Contoh menurut konsep ‘keterpimpinan’ yang amat terkenal pada sejarah Filsafat Indonesia adalah konsep ‘keterpimpinan’ yg dapat dijumpai pada sebagian akbar goresan pena serta praktek Soekarno, keliru seseorang pendiri RI kita, yg disini dinamakan ‘Soekarnoisme’. Soekarnoisme segala goresan pena dan praktek Soekarno mengajarkan dua jenis ‘keterpimpinan’: ‘Demokrasi Terpimpin’ serta ‘Ekonomi Terpimpin’. ‘Demokrasi Terpimpin’ artinya sejenis praktek demokrasi yg dilakukan dengan cara dipimpin sang seseorang sesepuh kata Soekarno yang dapat membimbing, menunjuki, dan memandu rakyat menuju keadilan sosial-politik.
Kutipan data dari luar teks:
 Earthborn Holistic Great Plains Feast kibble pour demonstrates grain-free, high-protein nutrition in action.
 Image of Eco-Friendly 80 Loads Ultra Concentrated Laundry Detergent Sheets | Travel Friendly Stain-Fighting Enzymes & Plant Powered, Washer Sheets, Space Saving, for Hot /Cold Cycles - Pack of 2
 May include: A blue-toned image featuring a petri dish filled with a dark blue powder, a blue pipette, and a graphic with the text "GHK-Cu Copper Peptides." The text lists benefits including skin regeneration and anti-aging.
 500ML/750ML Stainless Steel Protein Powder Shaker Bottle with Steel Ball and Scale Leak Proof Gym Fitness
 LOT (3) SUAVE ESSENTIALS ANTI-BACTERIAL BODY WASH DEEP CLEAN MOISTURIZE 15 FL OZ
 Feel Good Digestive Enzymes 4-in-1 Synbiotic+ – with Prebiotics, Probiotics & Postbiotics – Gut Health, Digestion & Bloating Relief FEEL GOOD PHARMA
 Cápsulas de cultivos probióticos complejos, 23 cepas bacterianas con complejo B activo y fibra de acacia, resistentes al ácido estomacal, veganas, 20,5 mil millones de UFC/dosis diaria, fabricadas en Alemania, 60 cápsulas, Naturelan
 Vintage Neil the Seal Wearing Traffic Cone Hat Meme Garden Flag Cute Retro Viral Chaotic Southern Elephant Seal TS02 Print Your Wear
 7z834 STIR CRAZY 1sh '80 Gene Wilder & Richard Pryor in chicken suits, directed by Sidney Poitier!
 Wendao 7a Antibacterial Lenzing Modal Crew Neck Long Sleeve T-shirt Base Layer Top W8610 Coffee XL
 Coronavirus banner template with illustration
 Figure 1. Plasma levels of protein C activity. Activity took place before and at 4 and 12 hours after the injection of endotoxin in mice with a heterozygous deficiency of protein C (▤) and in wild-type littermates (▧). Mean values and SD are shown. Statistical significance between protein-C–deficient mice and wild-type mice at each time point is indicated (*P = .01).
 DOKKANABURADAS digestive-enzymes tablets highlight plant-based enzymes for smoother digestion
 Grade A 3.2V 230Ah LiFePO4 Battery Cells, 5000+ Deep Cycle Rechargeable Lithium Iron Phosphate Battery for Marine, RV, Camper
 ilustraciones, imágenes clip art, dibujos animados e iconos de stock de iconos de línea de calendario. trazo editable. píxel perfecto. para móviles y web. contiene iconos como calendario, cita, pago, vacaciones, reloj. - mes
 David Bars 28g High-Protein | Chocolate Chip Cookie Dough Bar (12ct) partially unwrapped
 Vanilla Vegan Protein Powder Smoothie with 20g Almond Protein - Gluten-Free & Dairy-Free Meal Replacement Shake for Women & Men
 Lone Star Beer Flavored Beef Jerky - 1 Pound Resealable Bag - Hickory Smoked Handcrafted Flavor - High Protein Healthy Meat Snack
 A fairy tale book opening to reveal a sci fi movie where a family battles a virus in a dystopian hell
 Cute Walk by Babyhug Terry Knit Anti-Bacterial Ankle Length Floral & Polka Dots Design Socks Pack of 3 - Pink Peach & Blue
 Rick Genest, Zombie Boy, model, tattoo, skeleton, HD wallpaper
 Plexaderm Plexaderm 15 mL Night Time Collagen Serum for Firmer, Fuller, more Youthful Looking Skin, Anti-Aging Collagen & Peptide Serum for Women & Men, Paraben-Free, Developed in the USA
Sedangkan ‘Ekonomi Terpimpin’ artinya sejenis praktek ekonomi-politik yang dilakukan menggunakan cara dipimpin sang lagi-lagi seorang sesepuh yang bisa membimbing dan mengantarkan masyarakat Indonesia menuju keadilan sosial-hemat. Dua ‘keterpimpinan’ itu akan berhasil, bila dipimpin sang seseorang sesepuh luar-biasa, yang kuasa yang lahir pada abad modern, yg dipuja rakyat sebagai teladan warga . Sayang sekali, terpimpinisme jenis ini mudah sekali dituduh menjadi otoritarianisme terselubung, serta itu terbukti menggunakan praktek pengangkatan Soekarno menjadi ‘presiden seumur hayati’. 

Soeharto bisa pula dimasukkan ke pada filosof terpimpinist ini. Paternalisme Soeharto mengajarkan keharusan adanya seorang bapak yang dapat memandu serta mengantarkan warga pada kemajuan; bapak yg sangat melindungi rakyatnya tapi pula sangat tuli dengan bunyi rakyatnya, karena suara masyarakat hanya bunyi ‘anak kecil’ yang wajib terus dibimbing. Soeharto pun menerima julukan ‘Bapak Pembangunan’, lantaran dia memandu rakyatnya menuju kemajuan seperti layaknya seseorang bapak terhadap anak-anak. 

F. Pembangunanisme
Isme ini lahir menjadi reaksi atas ‘Terpimpinisme Soekarno’ disebut juga sebagai ‘Soekarnoisme’yang dipercaya gagal membawa Indonesia menuju kemajuan. Isme ini amat bertolak-belakang menggunakan Soekarnoisme, dalam artian, bahwa ia nir lagi meneruskan paham Soekarno mengenai ‘revolusi’, ‘Manipol USDEK’, ‘setan Nekolim’, ‘politik menjadi panglima’, ‘Demokrasi Terpimpin’ dan ‘Ekonomi Terpimpin’, akan tetapi menggantinya menggunakan pandangan ‘ekonomi menjadi panglima’, ‘stabilitas demi pembangunan, ‘percepatan pembangunan’, ‘pembangunan jangka-panjang’, ‘globalisasi ekonomi’, serta ‘globalisasi kapital’. 

Isme ini bertolak pada asumsi, bahwa ‘politik revolusi’ sudah nir relevan lagi, karena bukan menghasilkan kemajuan akan tetapi malah menyengsarakan masyarakat. Isme ini memperlihatkan ‘politik pembangunan’ menjadi solusinya, menggunakan fokus bahwa dengan pembangunanlah Indonesia akan berhasil maju. 

G. Paska-pembangunanisme
Isme ini lahir menjadi reaksi atas kegagalan ‘Pembangunanisme Soeharto’yang bisa dianggap pula ‘Soehartoisme’dalam membawa warga menuju kesejahteraan serta kemakmuran, sinkron dengan yg dicita-citakan UUD 1945.